**Problem**
Copy each line of the data below exactly, leaving out pictures.

(Dataset entries)
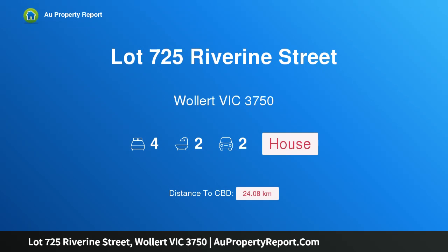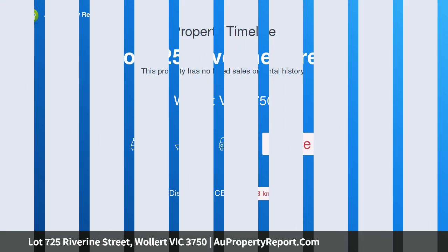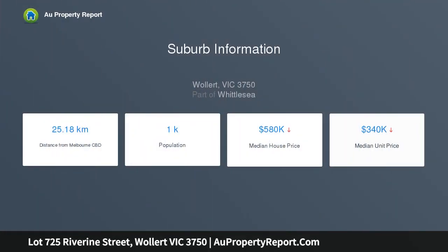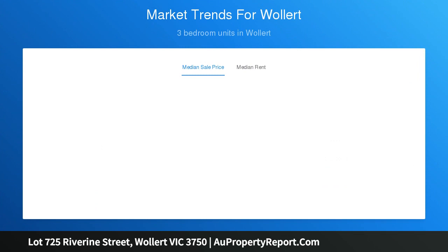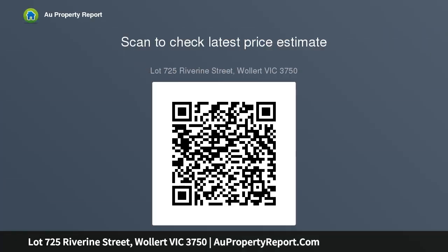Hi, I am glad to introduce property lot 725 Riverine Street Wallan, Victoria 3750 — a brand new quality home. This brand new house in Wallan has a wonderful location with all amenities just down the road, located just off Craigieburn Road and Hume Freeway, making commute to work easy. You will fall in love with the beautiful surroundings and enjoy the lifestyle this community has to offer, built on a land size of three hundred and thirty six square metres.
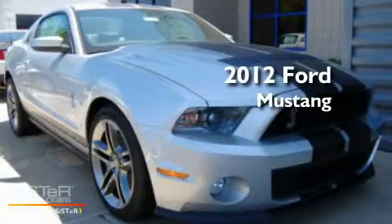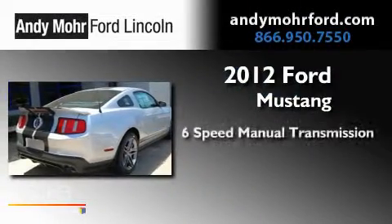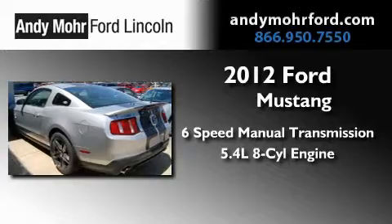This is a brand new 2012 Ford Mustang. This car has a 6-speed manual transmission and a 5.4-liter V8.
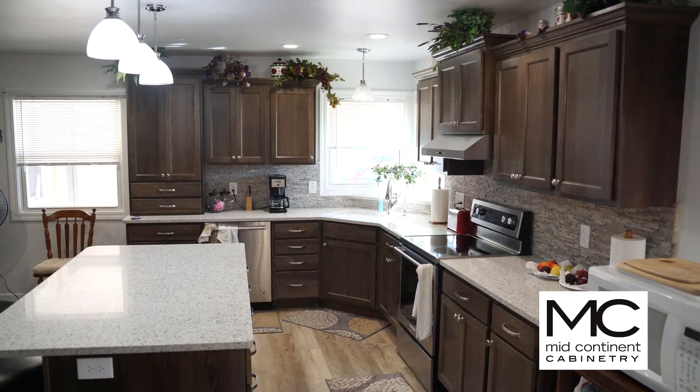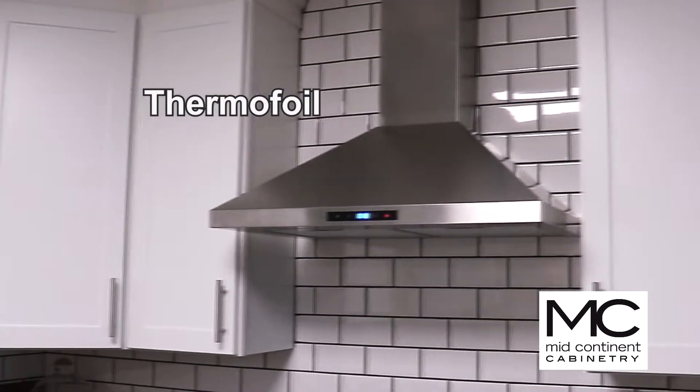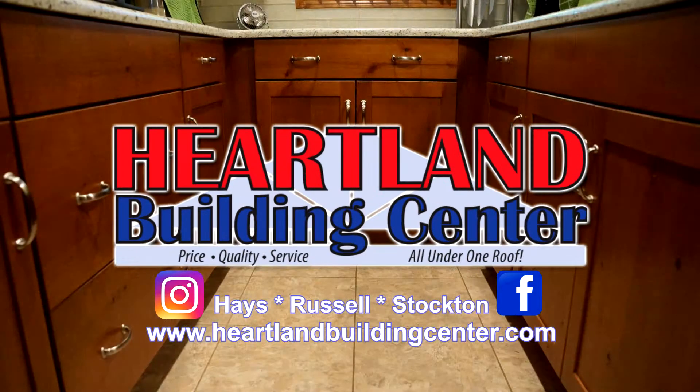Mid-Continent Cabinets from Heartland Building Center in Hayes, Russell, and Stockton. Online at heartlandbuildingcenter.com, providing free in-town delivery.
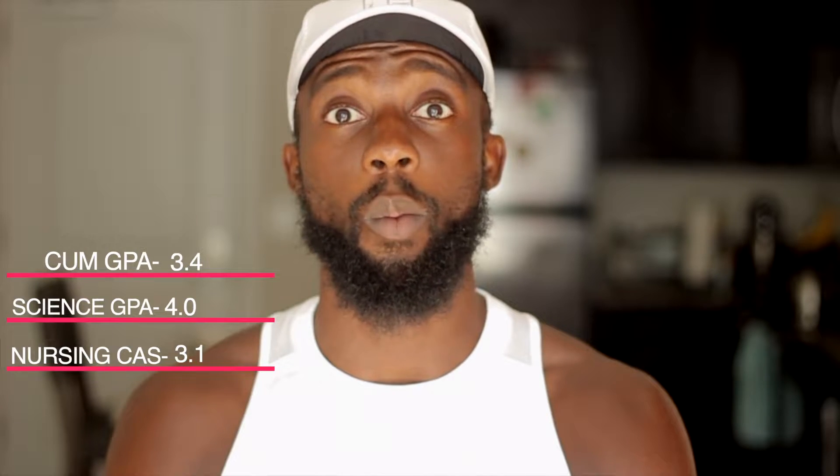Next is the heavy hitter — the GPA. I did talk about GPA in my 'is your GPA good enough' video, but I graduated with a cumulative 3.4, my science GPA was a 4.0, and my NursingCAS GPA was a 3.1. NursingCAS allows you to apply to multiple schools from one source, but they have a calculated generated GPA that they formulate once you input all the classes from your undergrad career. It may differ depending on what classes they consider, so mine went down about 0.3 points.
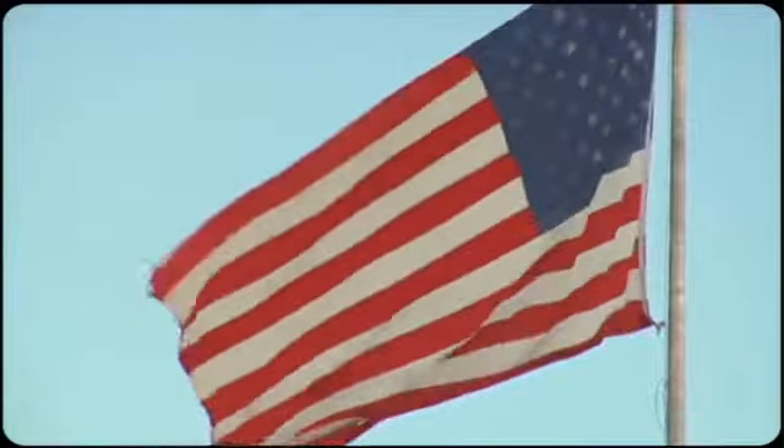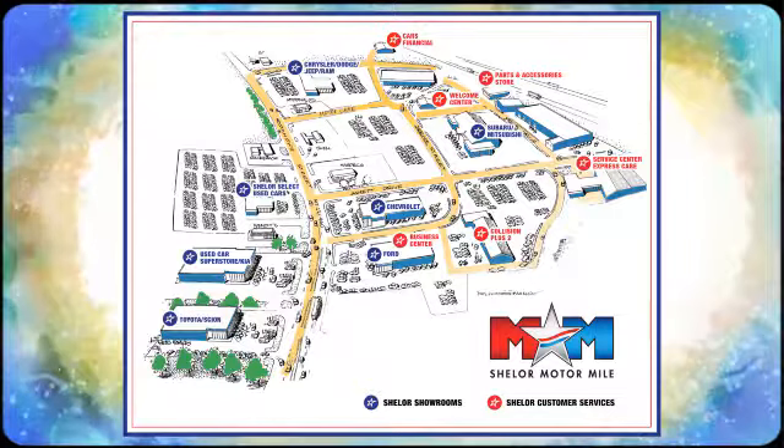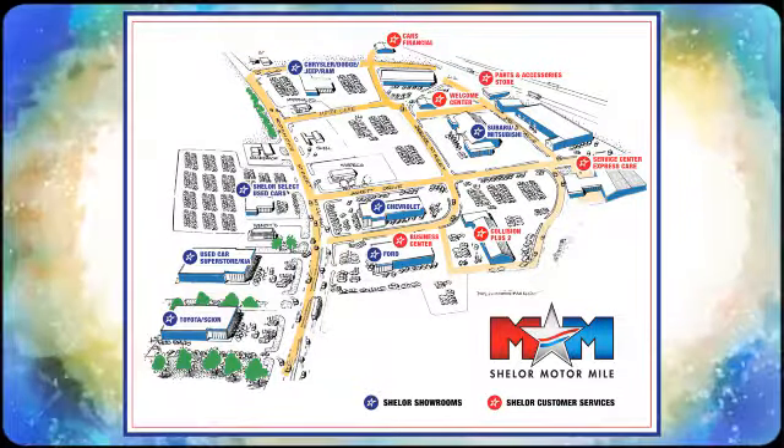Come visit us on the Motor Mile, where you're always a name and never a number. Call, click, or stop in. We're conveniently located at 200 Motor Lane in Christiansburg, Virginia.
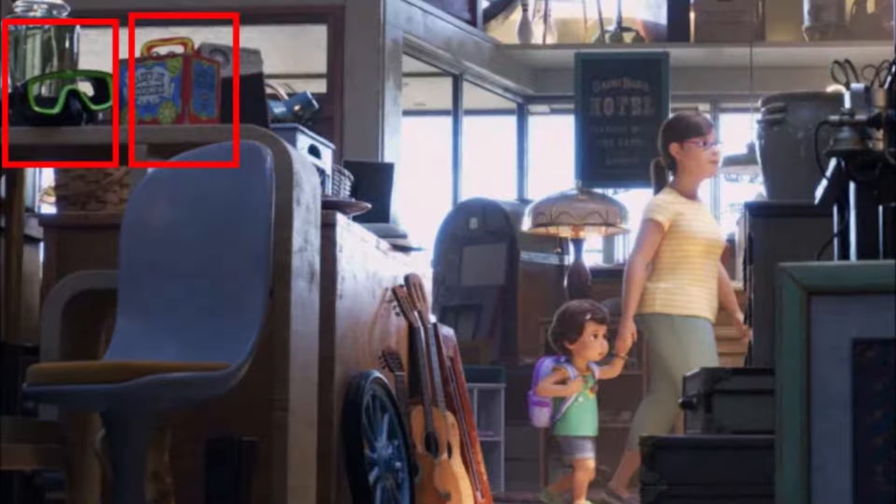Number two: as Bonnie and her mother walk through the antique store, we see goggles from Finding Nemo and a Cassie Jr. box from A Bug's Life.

**Expected answer**
Hi, I am glad to introduce property lot 725 Riverine Street Wallan, Victoria 3750 — a brand new quality home. This brand new house in Wallan has a wonderful location with all amenities just down the road, located just off Craigieburn Road and Hume Freeway, making commute to work easy. You will fall in love with the beautiful surroundings and enjoy the lifestyle this community has to offer, built on a land size of three hundred and thirty six square metres.
This is a brand new 2012 Ford Mustang. This car has a 6-speed manual transmission and a 5.4-liter V8.
Mid-Continent Cabinets from Heartland Building Center in Hayes, Russell, and Stockton. Online at heartlandbuildingcenter.com, providing free in-town delivery.
Next is the heavy hitter — the GPA. I did talk about GPA in my 'is your GPA good enough' video, but I graduated with a cumulative 3.4, my science GPA was a 4.0, and my NursingCAS GPA was a 3.1. NursingCAS allows you to apply to multiple schools from one source, but they have a calculated generated GPA that they formulate once you input all the classes from your undergrad career. It may differ depending on what classes they consider, so mine went down about 0.3 points.
Come visit us on the Motor Mile, where you're always a name and never a number. Call, click, or stop in. We're conveniently located at 200 Motor Lane in Christiansburg, Virginia.
Number two: as Bonnie and her mother walk through the antique store, we see goggles from Finding Nemo and a Cassie Jr. box from A Bug's Life.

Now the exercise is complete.